Brent Lang Executive Editor “Swept Away,” a musical about four men stranded at sea, had a landlocked genesis. John Logan, the show’s Oscar-nominated and Tony-winning writer, started teasing out the idea for the musical during a hike through Malibu Canyon, listening to The Avett Brothers‘ folk and bluegrass hits.
It wasn’t his idea, exactly, to bring the saga of a maritime disaster to Broadway. It was the band who had first become fascinated with a historical survival story in the early aughts, releasing “Mignonette,” a hauntingly beautiful concept album that explored themes of sacrifice and forgiveness, in 2004.
That gave Matthew Masten, a producer whose credits include “Side Show” and “Of Mice and Men,” the idea to reach out to Logan with a pitch to turn those songs into a musical. “As I walked around, I listened to the album and then I put on a random Avett Brothers playlist,” Logan remembers. “I knew that there was something here, but I also knew I wanted access to their entire catalogue.

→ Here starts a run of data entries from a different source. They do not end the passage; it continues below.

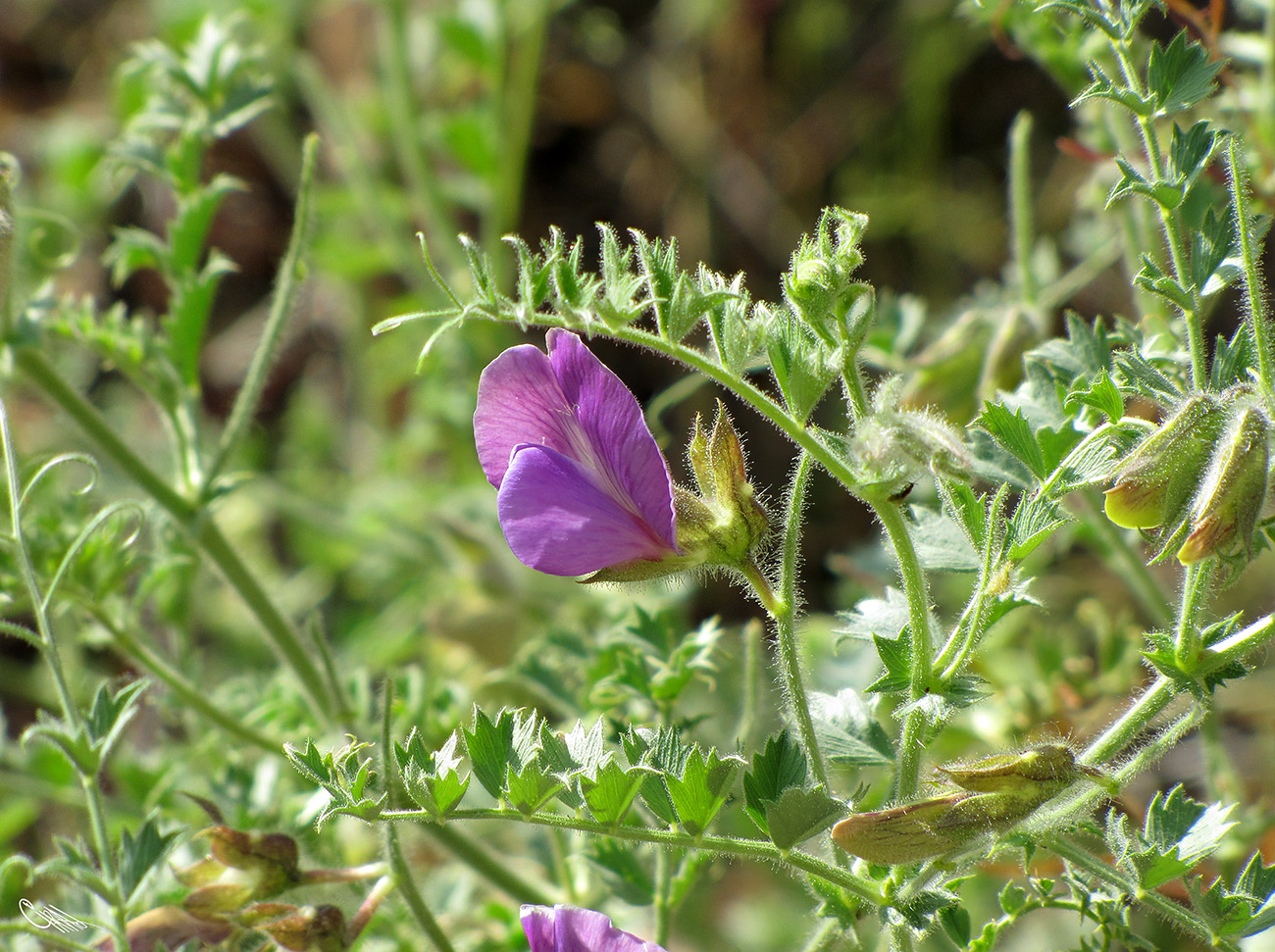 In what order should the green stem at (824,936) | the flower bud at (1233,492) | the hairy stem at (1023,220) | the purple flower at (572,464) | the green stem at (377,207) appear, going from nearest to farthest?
1. the flower bud at (1233,492)
2. the purple flower at (572,464)
3. the green stem at (824,936)
4. the hairy stem at (1023,220)
5. the green stem at (377,207)

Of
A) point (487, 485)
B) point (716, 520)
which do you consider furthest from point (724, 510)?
point (487, 485)

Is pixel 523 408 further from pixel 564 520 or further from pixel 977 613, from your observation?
pixel 977 613

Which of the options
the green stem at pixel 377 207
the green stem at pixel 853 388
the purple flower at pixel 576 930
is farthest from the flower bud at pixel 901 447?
the green stem at pixel 377 207

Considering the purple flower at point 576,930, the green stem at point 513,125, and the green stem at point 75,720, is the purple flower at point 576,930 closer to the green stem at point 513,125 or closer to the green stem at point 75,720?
the green stem at point 75,720

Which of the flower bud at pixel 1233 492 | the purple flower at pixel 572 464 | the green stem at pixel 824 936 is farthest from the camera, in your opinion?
the green stem at pixel 824 936

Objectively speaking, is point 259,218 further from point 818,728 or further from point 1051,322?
point 818,728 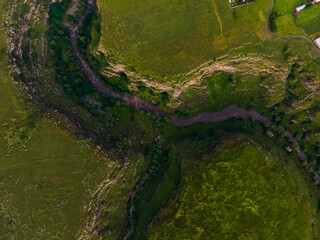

They are these great American songwriters with such complicated and interesting lyrics. That helped inspire me to think about plot and character and all of those different things.” And like the Avett Brothers, Logan felt there was something primal and arresting about the idea of being abandoned at sea without food or water, forced to make horrific decisions. “The concept of four men trapped together in a claustrophobic setting struck me as gripping and dramatic,” he says.